M. maydis strains may differentiate due to their ability to grow either in the soil or in the host plant and due to their sensitivity to other soil microbes or their metabolic products.
The reciprocal suppression that was documented between
M. maydis and
M. phaseolina species in this study raises the importance of inspecting the effectiveness of preventing treatments while considering the pathogen specialization and the circumstances under which several pathogens are involved. To emphasize this, in spring 2018, a commercial field (Neot Mordechai field, Hula Valley, Upper Galilee, northern Israel) was planted with the sensitive maize cultivar Prelude cv. This field had a long history of late wilt incidences [
5] and was therefore protected by a recently developed and highly effective chemical method [
6]. Despite the use of the potent commercial mixture of Azoxystrobin and Difenoconazole (Syngenta, Basel, Switzerland), at the end of the season, only meager yields were achieved. The yield reduction was most probably the consequence of another fungal disease caused by
F. verticillioides and
F. oxysporum, which led to dehydration and yield loss (Ofir Degani et al., unpublished results). These Fusarium species are indeed universal and important vascular wilt disease-causing fungal pathogens [
46]. To support this conclusion, in other plants in that field that were not affected by the
Fusarium spp. disease, the chemical treatment almost wholly abolished any sign of late wilt disease.
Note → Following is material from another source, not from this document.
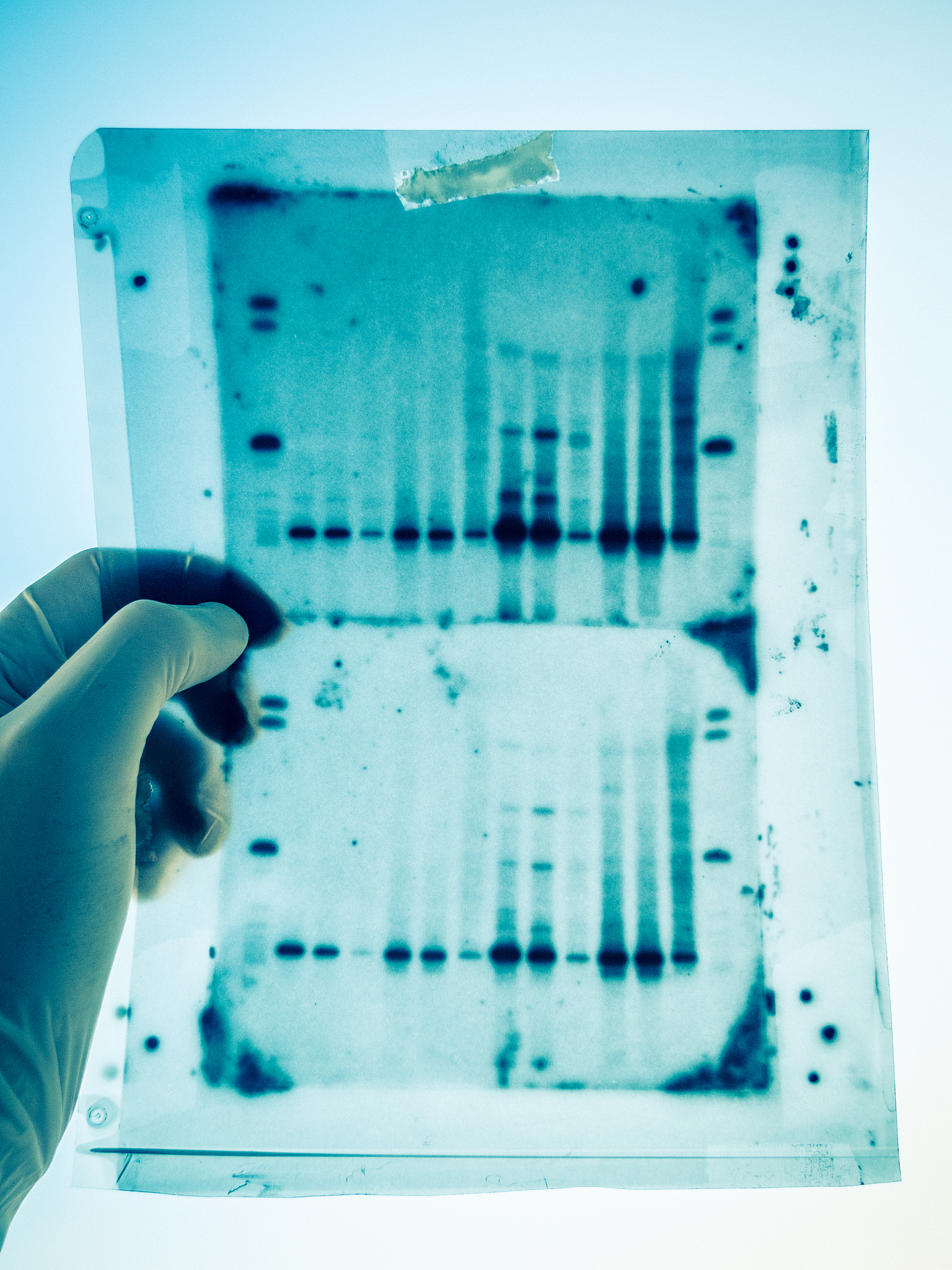 荧光甲基化检测 (LUMA)：限制性酶切与测序技术结合的经典方法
It has now become evident that optimal water supply can reduce late wilt disease in maize. Indeed, our past experience [
6,
30,
33] and a review of the literature support the conclusion that high water potential is one of the most important agrotechnical aims for restricting late wilt disease progression [
17,
47,
48,
49]. The results presented in the current study are in line with this conclusion, with nearly 10 times higher
M. maydis DNA in drought-stressed maize sprouts (37 DAS,
Figure 2). Interestingly, drought pressure also caused about three times higher
M.
phaseolina DNA in young maize plants, but both pathogens did not flourish under a restricted water regime in cotton (
Figure 6) compared to regular irrigation conditions. A possible explanation is that the applied restricted water regime did not produce drought pressure as expected. Indeed the cotton plants in the decrease water irrigation pots were healthy and had an apparent healthy development.